<<<<

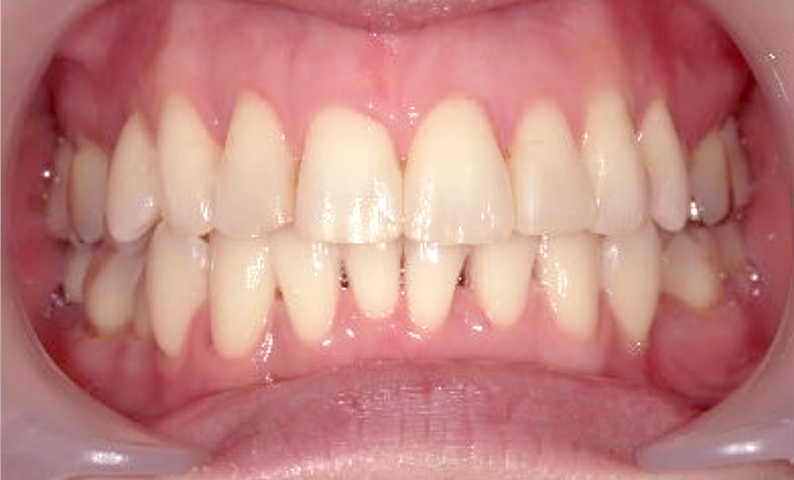 部分矯正の症例 すきっ歯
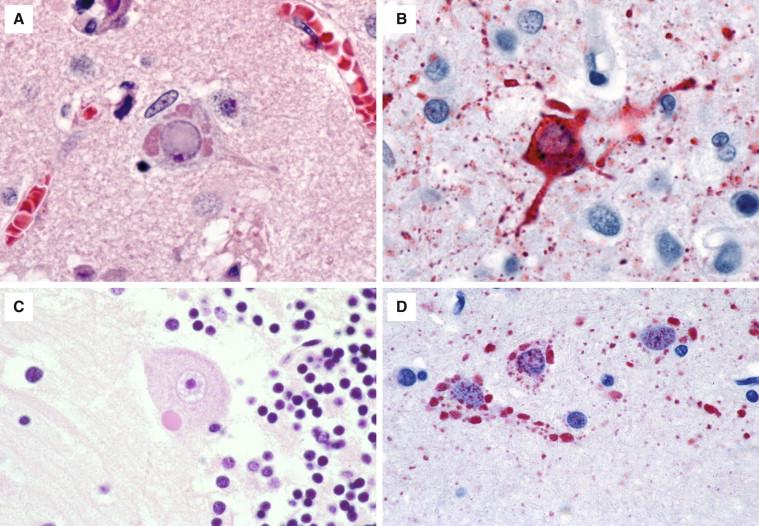 Figure 8-7, Other neuronal cytoplasmic viral inclusions can mimic Negri bodies. A, Cytoplasmic inclusions can be present in subacute sclerosing panencephalitis (630 ×). B, Measles virus antigen (stained red) demonstrated by IHC (400 ×). C, In Nipah virus encephalitis inclusions can closely resemble Negri bodies (1000 ×). D, Nipah virus antigen (stained red) demonstrated by IHC (1000 ×).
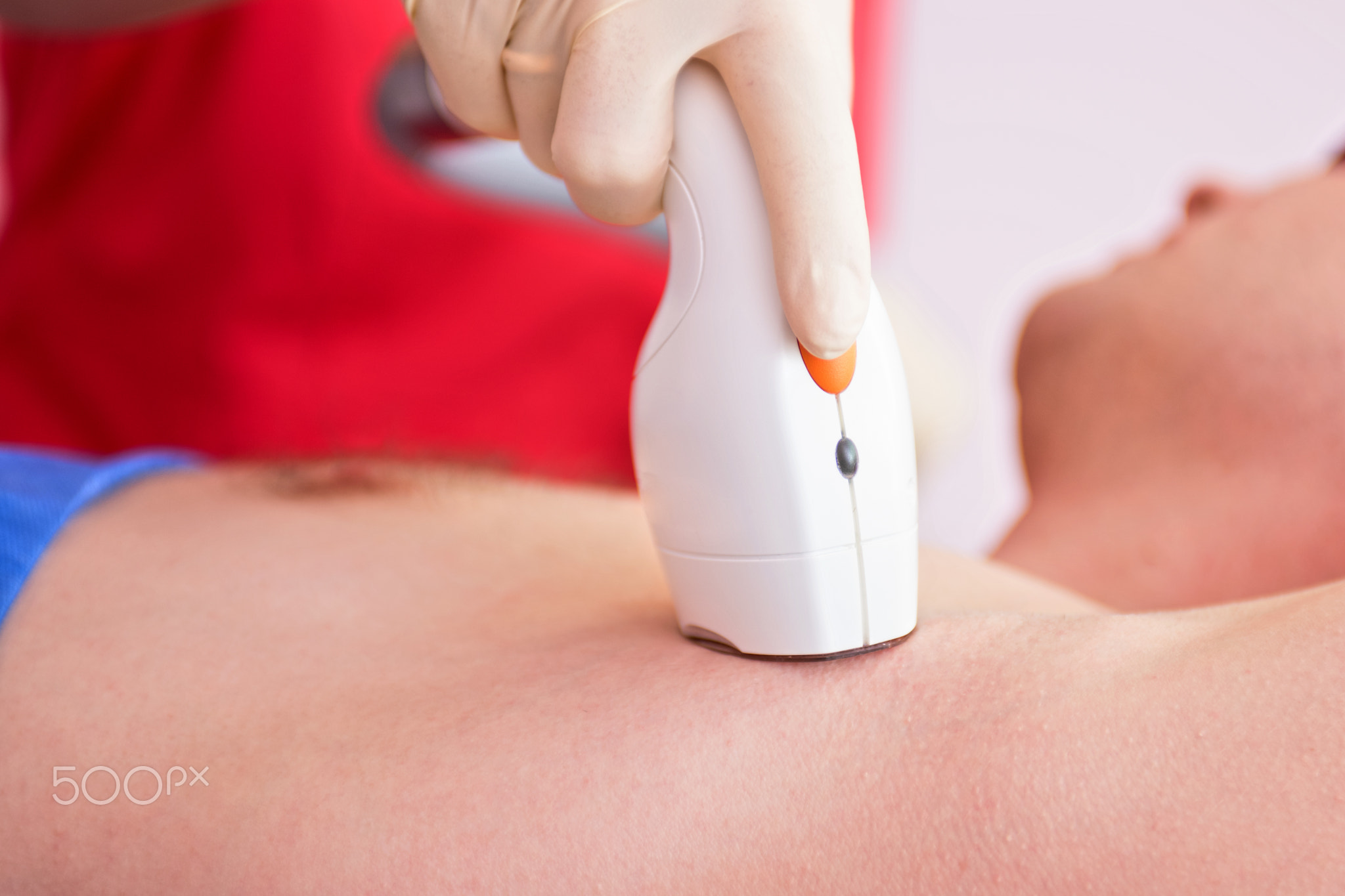 male laser epilation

>>>>

Action item: Repeat verbatim all the material, but not the pictures.

Task output:
 部分矯正の症例 すきっ歯
 Figure 8-7, Other neuronal cytoplasmic viral inclusions can mimic Negri bodies. A, Cytoplasmic inclusions can be present in subacute sclerosing panencephalitis (630 ×). B, Measles virus antigen (stained red) demonstrated by IHC (400 ×). C, In Nipah virus encephalitis inclusions can closely resemble Negri bodies (1000 ×). D, Nipah virus antigen (stained red) demonstrated by IHC (1000 ×).
 male laser epilation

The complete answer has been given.